As a member of this forum I can tell you this started out as a 3 year old thread:laughing:

Now try going to the introductions and posting one. You never know, opportunities may be here for you besides learning something.


----------



## Cdat

Just 'cause you served don't expect a free meal ticket. And if you try and play the _'I did my part now feel pity'_ that's all you'll get. Some of us served, were injured and still left the service and started from scratch and worked our way up. 

That is exactly what you have to do. Work your way up.


----------



## Cdat

ERAD_DIB said:


> Not to prolong the agony, but I can kinda see both sides of this. Yeah, the vet is "an investor that has different opportunities," but it's still kinda "off" to me somehow. As mentioned, maybe if he was a family member, or an old 3rd Inf. buddy that you partnered with right from the beginning, it would seem different.
> Then again, any advantages that may come to your company as a (disabled or non-disabled) veteran-owned business, *should* come your way.
> 
> And yeah, I'm a vet. DAV Life Member, too.
> 
> 
> 
> 
> 
> 
> 
> 
> 
> Anybody want to help me nuke that spammer, "EltonBay"?
> 
> 
> 
> 
> 
> 
> 
> 
> (I never got to play with a "Ma Deuce," but I do love the sound of an M-60 in the morning.
> 
> 
> 
> 
> 
> 
> 
> )


We having a pecker chest candy contest now? I win.....


----------



## grappsg

Cdat said:


> Just 'cause you served don't expect a free meal ticket. And if you try and play the _'I did my part now feel pity'_ that's all you'll get. Some of us served, were injured and still left the service and started from scratch and worked our way up.
> 
> That is exactly what you have to do. Work your way up.


I hope you are not talking to me because it is obvious that you didnt read my posting. Working my way from the bottom began when I worked my way out of NJ and into the Corps. Nobody asked for your pity. I seriously doubt you served or else you would have kept your comments to yourself. In addition, my posting clearly stated I am starting from scratch, so I think you may have me confused with someone else.


----------



## grappsg

Thats funny, I see a bronze star but no combat V or even a combat action ribbon or if you were in the army, a combat infantry badge or that new combat infantry bade. Heck, I do not even see a good conduct medal.

You know what? To be honest with you, I do not see quite a few ribbons on here that a gentleman such as yourself having displayed so many high awards, shoud have several other smaller awards. I wouldnt brag about your awards sir. I know Lance Corporals E-3's who have a larger stack than that. That Broze Star doesnt mean anything without the V device.

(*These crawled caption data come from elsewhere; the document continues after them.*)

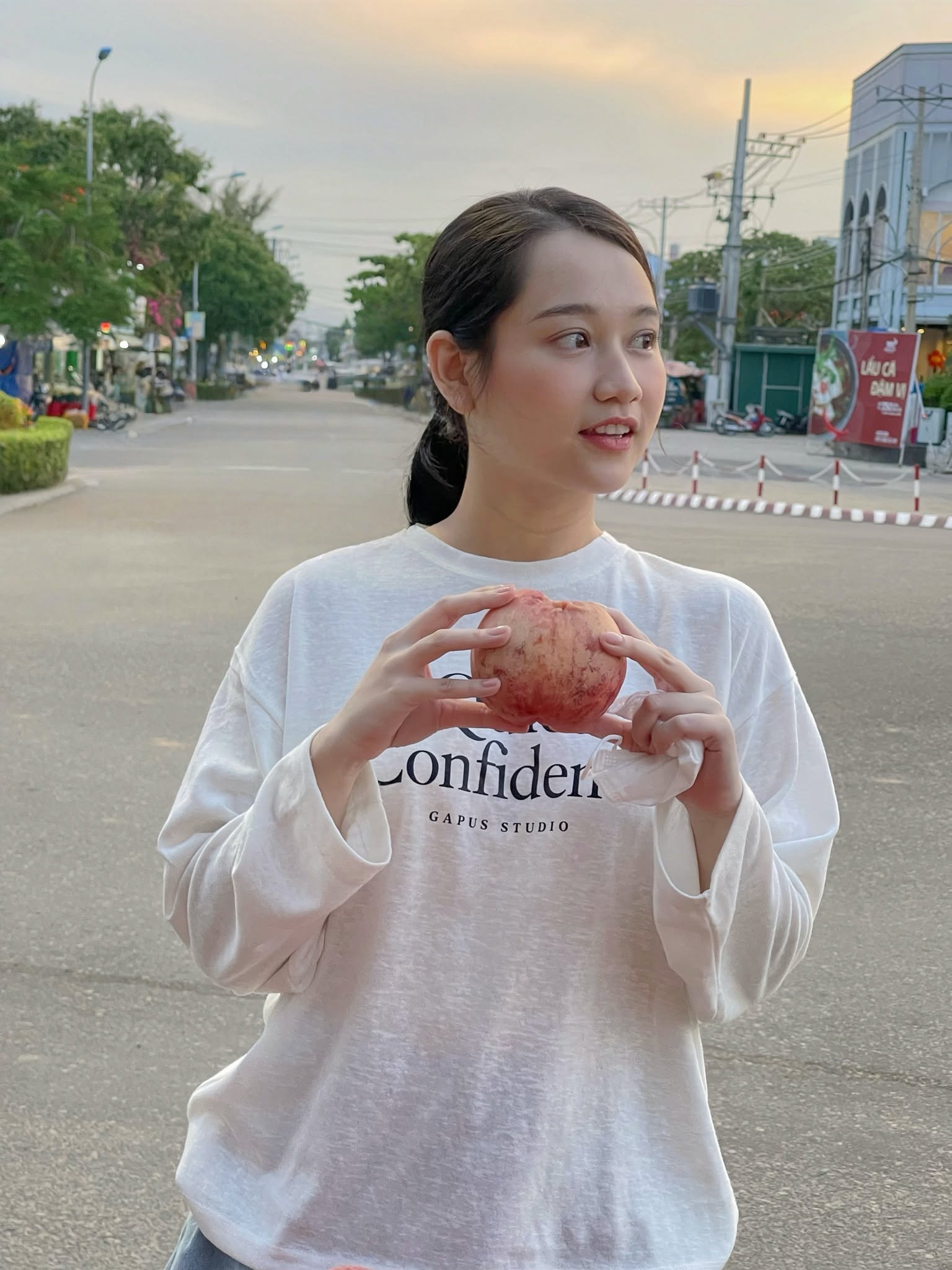 C&ocirc; g&aacute;i c&oacute; đ&ocirc;i mắt vạn người m&ecirc; mất t&iacute;ch 5 năm ai cũng tiếc nuối, nay "lột x&aacute;c" xuất hiện g&acirc;y n&aacute;o loạn- Ảnh 7.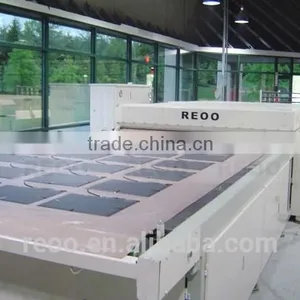 REOO Full Automatic Laminator for Making Solar Module Conducton Oil Heating thumbnail-3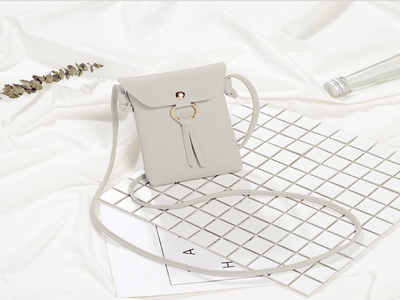 

Qian Xiu designer ladies Messenger bag Ms bucket bag Messenger bag Messenger bag handbag Small square bag Shoulder Messenger bag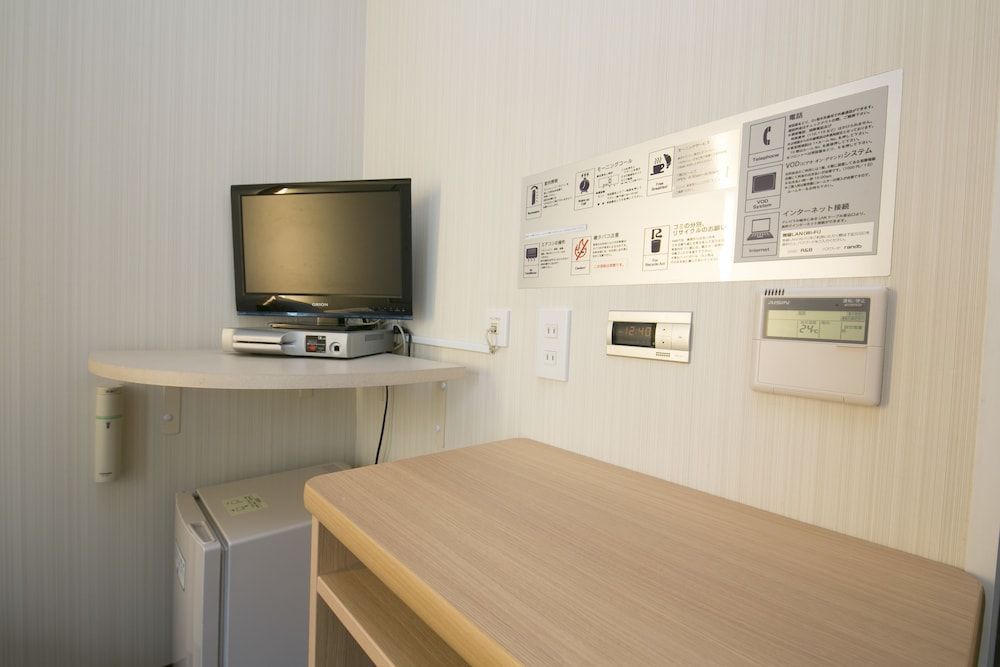Single Room, Smoking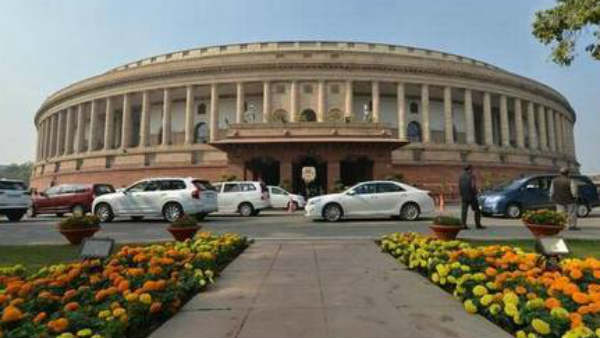 जम्मू कश्मीर में राष्ट्रपति शासन की अवधि 6 महीने तक बढ़ाने के प्रस्ताव को राज्य सभा में मिली मंजूरी जम्मू कश्मीर में राष्ट्रपति शासन की अवधि 6 महीने तक बढ़ाने के प्रस्ताव को राज्य सभा में मिली मंजूरी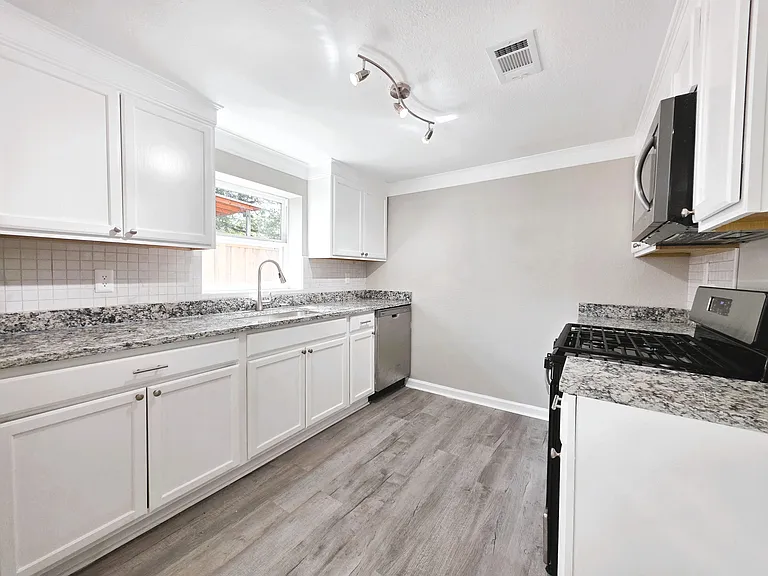 1461 Irish Hill Dr — Photo 12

Have a wonderful day Mr. Flaunt my ribbons which are questionable.


----------



## Cdat

grappsg said:


> Thats funny, I see a bronze star but no combat V or even a combat action ribbon or if you were in the army, a combat infantry badge or that new combat infantry bade. Heck, I do not even see a good conduct medal.
> 
> You know what? To be honest with you, I do not see quite a few ribbons on here that a gentleman such as yourself having displayed so many high awards, shoud have several other smaller awards. I wouldnt brag about your awards sir. I know Lance Corporals E-3's who have a larger stack than that. That Broze Star doesnt mean anything without the V device.
> 
> Have a wonderful day Mr. Flaunt my ribbons which are questionable.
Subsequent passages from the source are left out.